***** COLLECTED DATA *****
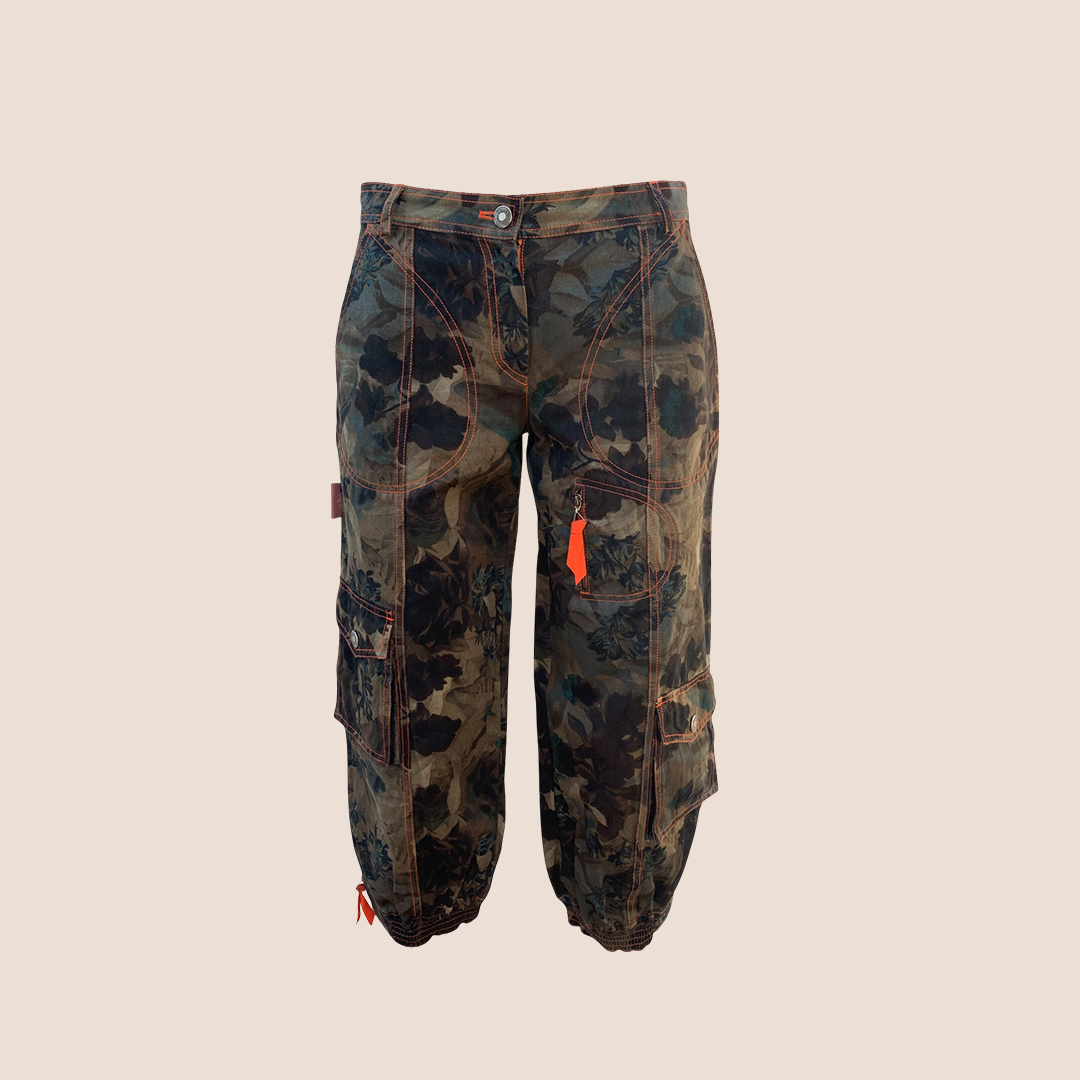 CHRISTIAN D1OR 2005 CROPPED CAMOUFLAGE PRINT TROUSERS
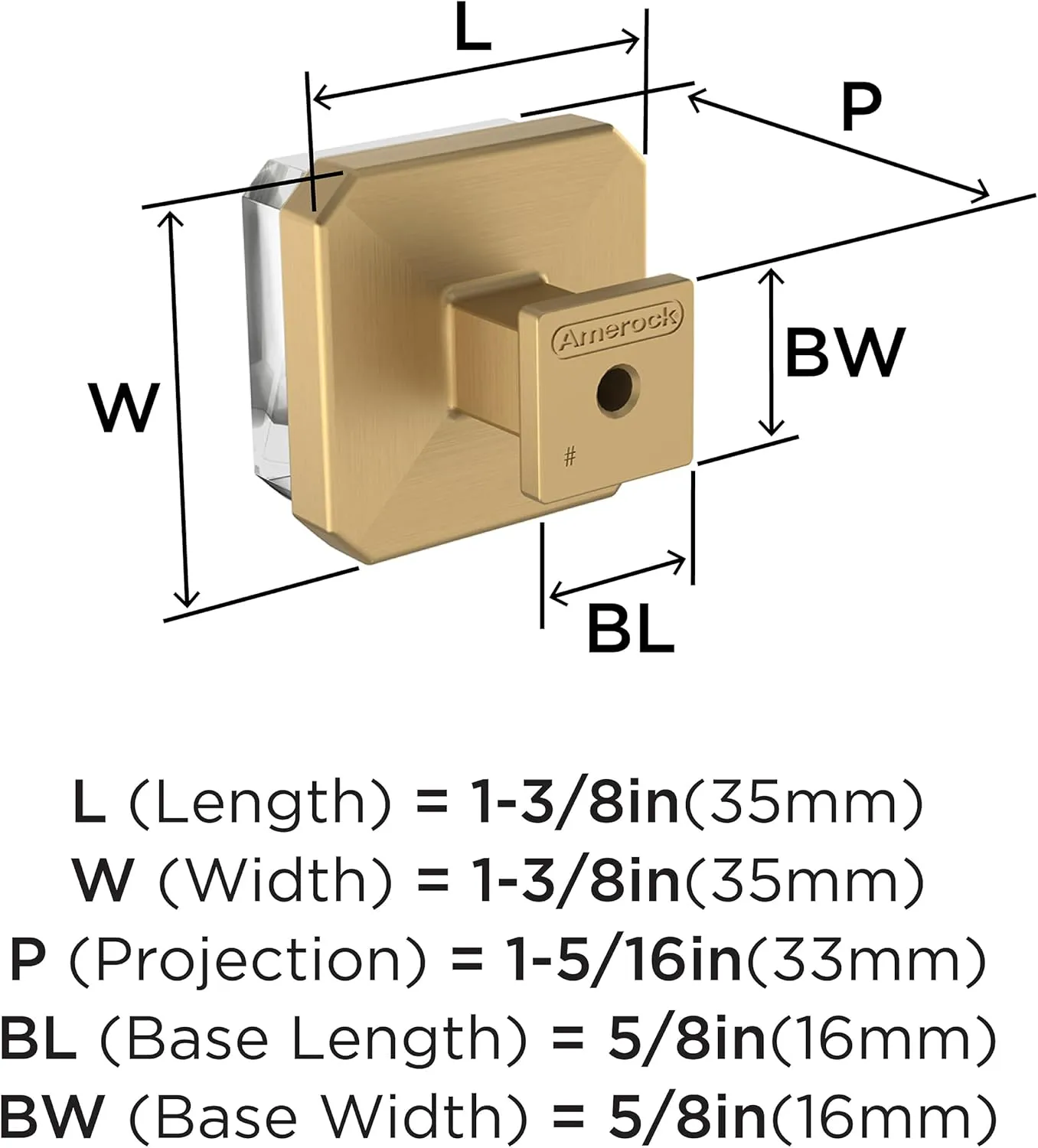 Amerock Glacio 1-3/8 inch (35mm) Length Clear/Champagne Bronze Cabinet Knob, BP36975CCZ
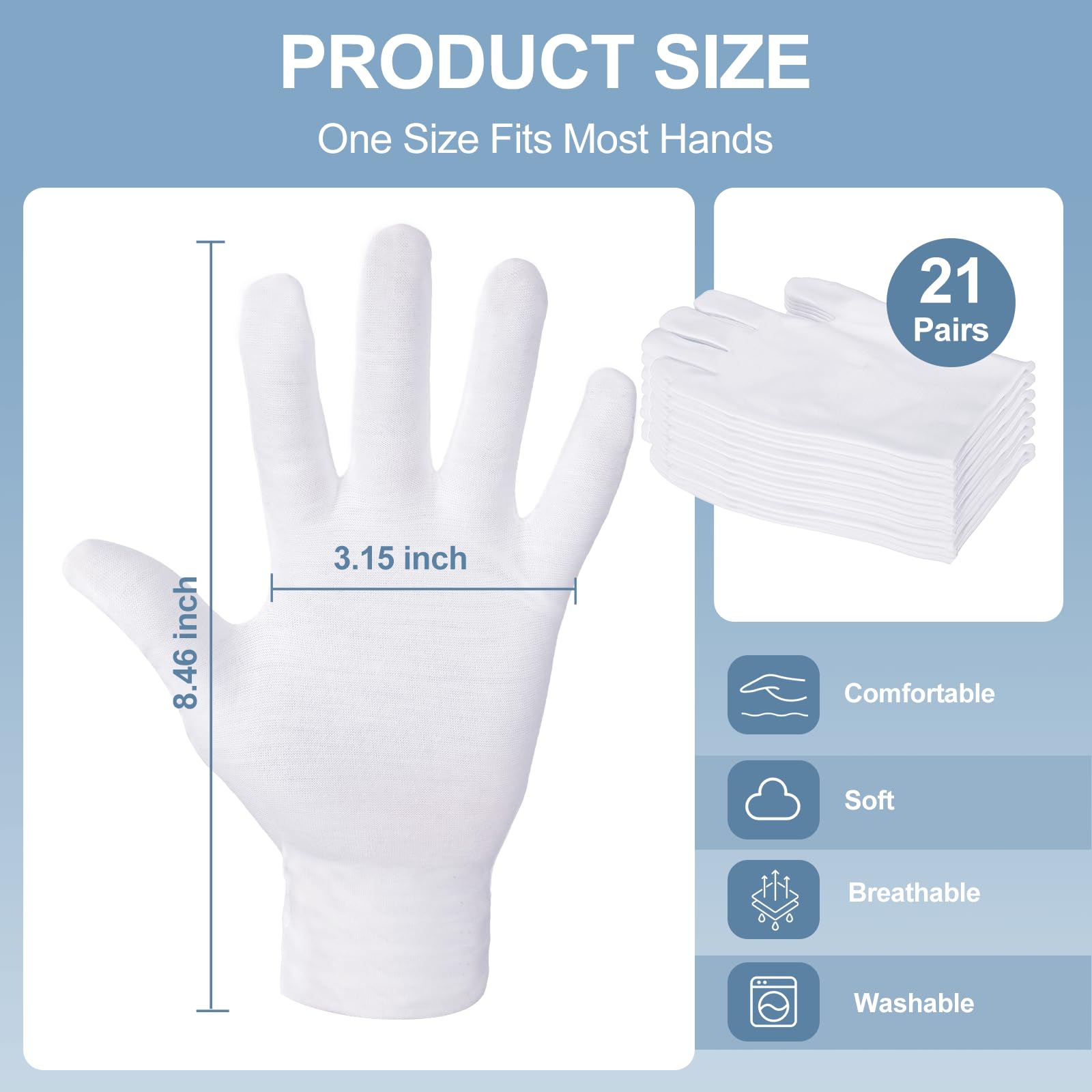 White cotton gloves for eczema care and moisture locking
*****
--- EXERCISE DIRECTIONS ---
Reproduce the whole listing above word for word, but not its pictures.

--- ANSWER BOX ---
 CHRISTIAN D1OR 2005 CROPPED CAMOUFLAGE PRINT TROUSERS
 Amerock Glacio 1-3/8 inch (35mm) Length Clear/Champagne Bronze Cabinet Knob, BP36975CCZ
 White cotton gloves for eczema care and moisture locking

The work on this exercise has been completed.